光はポツリと呟く。考え過ぎなのだろうか。それともお金を借金してしまった事を気にしているのだろうか。

「準ミスが嬉しすぎて実感湧いてないんじゃね?」

あぁ、そっか…。そうだったら良いけれど、これで私がお金を貸してあげると言ってもつくしは乗らない。そう知っているからこそ二人の間には入れない。光は新しく注いだワインに手を伸ばした。

「司やけに静かじゃん」

「牧野が準優勝して一番よろこぶのおまえじゃねーの?だいたい自分にふさわしいステイタスを持たせるって出させたんだからよ」

「るせえな」

西門の言葉を聞いても道明寺は特に慌てた様子も喜ぶ様子も無い。

「あ、ひょっとしてもう明日アポとってたりしたな」

なんて分かりやすいんだろう。道明寺は動きをピタリと止めた。

「かわいいっ!かわいすぎるッ、こいつッッ!」

「てめ、このやろう、はなせっ!殺すぞ!」

「和也君。これ美味しいよ。食べる?」

横で大声あげているのを他所に光も和也もマイペースだった。

「キンチョーしなくてもお兄さんが教えてあげるってばっ。あーいう強気な女ほど押しの一手でせまりゃコロッといくわけよ」

「そーそー。ムリヤリやっちゃえよ。うんとムード盛り上げて甘い言葉ささやきゃ一発」

「女をゲットするときゃ百発百中の」

俺達が言うんだからまちがいなしっっ。
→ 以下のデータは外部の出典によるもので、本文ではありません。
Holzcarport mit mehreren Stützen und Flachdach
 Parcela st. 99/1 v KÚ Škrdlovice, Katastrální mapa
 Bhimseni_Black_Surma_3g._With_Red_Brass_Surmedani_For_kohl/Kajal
二人の言葉に光は笑いをこらえる。

「うるせぇんだよってめぇらはっ!」

道明寺が大きな声を出したと思えばつくしを追いかけて歩いて行った。

「あーあ、怒らせた」

「いーんだよ。司にはそれぐらいでちょーど良いって光は何で爆笑してんだよ…」

「総二郎さんは百発百中じゃなくて、百発九十九中。なんたって私は落ちてない」

「俺はお前を落とそうとした記憶はねぇよ!この酔っ払いが!」

冗談言い合って笑い合う日が終わるまでのカウントダウンのスイッチが光の中で押された。